El interventor. ha acabado su faena y acude a unirse a la tertulia que se desarrolla en el vagón restaurante. Está de buen humor y crea en seguida en torno a sí una expectación de la que es consciente.
El Puerta del Sol es un trabajo codiciado. No da problemas casi nunca. No es como en los trenes que cubren la ruta del Norte, que los interventores tienen que ir en ellos escondidos para que no les abran la cabeza o les tiren del tren:
-No te creas que exagero. Van en bandas de ocho, o diez, o doce, y se pasan el rato en el tren a falta de mejor diversión. Cada viaje le sale a la compañía por 40.000 o 50.000 duros. Se ponen a tirar por la ventanilla los asientos, a romper todo lo que les viene a mano. Y luego esperan el plato fuerte, que es cuando uno de nosotros tiene que pasar el trago de pedirles, el billete. Ahí ya se lo pasan pipa: se dan de codazos unos a otros, se ríen de a ti y te amenazan. Así que lo mejor es desaparecer cuanto antes. Yo, si va uno solo, o si van dos, no tengo ningún miedo, que a mí no me achantan; pero es que suelen ir en grupos de muchos, dispuestos a pasárselo bien con el muñeco. Un día me tuve que estar tirado en el suelo al lado del maquinista, porque tuve una bronca con ellos y se pusieron a esperar al lado del tren con piedras para tirármelas cuando pasara.
Flota por un momento en el ambiente la sospecha del mitin sobre el libertinaje y la democracia, pero se diluye pronto con las aclaraciones.
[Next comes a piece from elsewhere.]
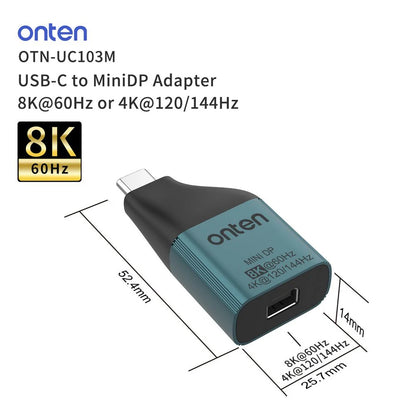 Onten OTN-UC103M | USB-C to Mini DisplayPort Adapter | 8K@60Hz / 4K@120Hz | Gold-Plated Connector | Plug & Play | For MacBook, Surface, Laptops, Tablets, Monitors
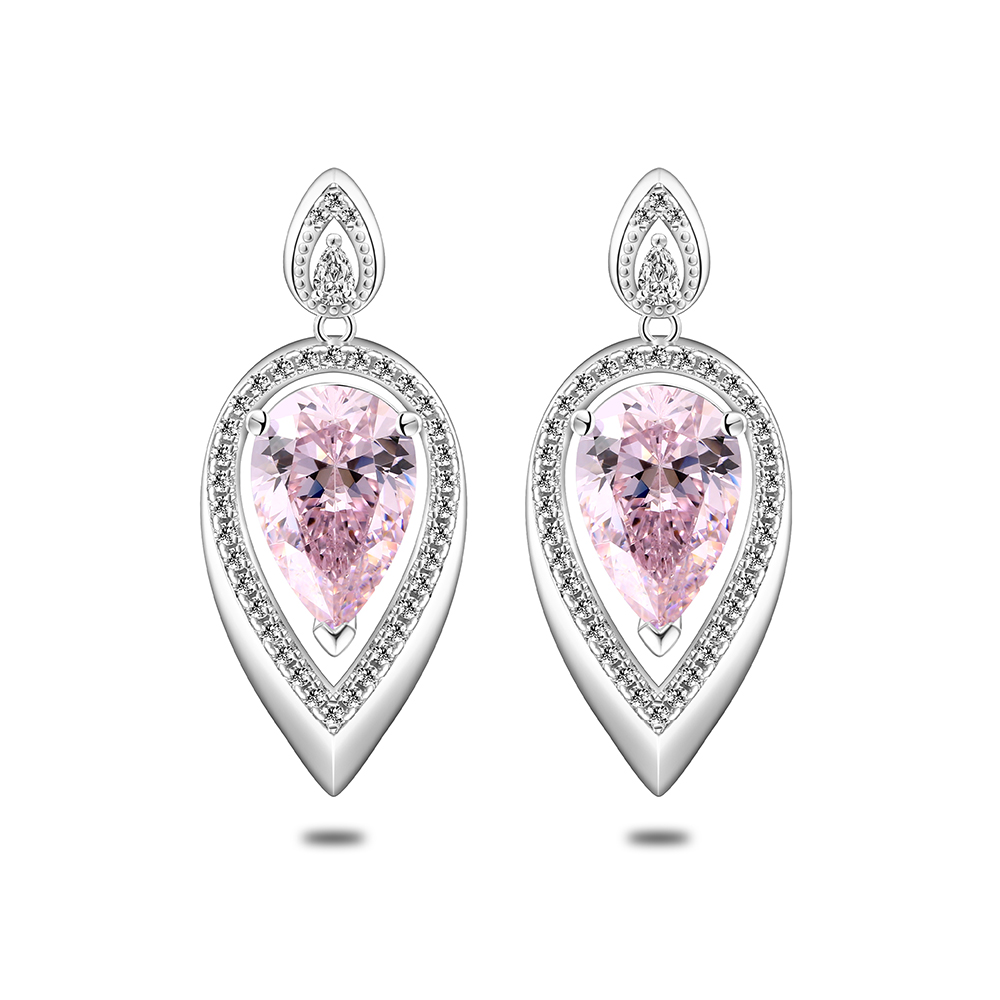 Sterling Silver 925 Earring Rhodium Plated Embedded With Pink Zircon And White Zircon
Los sindicatos fueron los primeros en pedir que se quitara a la Guardia Civil de los servicios ferroviarios. Ahora los sindicatos siguen pensando lo mismo, pero quieren una protección para poder trabajar.
-Lo mejor -dice un literista- es que fuera la Policía Nacional.
-Sí -retorna la palabra el interventor-, porque bastaría con que les vieran para que dejaran de pasar cosas tan desagradables.
"Acompáñeme"
Y deja que su sentido del humor corra por encima de las mesas, contando cómo habría que aplicar el reglamento para cobrar las multas previstas a los que no llevan billete:
-Imagínate. Hay que decirles que te acompañen y conducirles a la estación, por supuesto sin tocarles ni un pelo. Yo es que no pongo ni una multa. A los que son buena gente, porque siempre tienen un motivo justificado para no llevar billete, y no les voy a fastidiar, y a los otros, porque a ver quién es el guapo que dice algo cuando te responden que no quieren ir contigo.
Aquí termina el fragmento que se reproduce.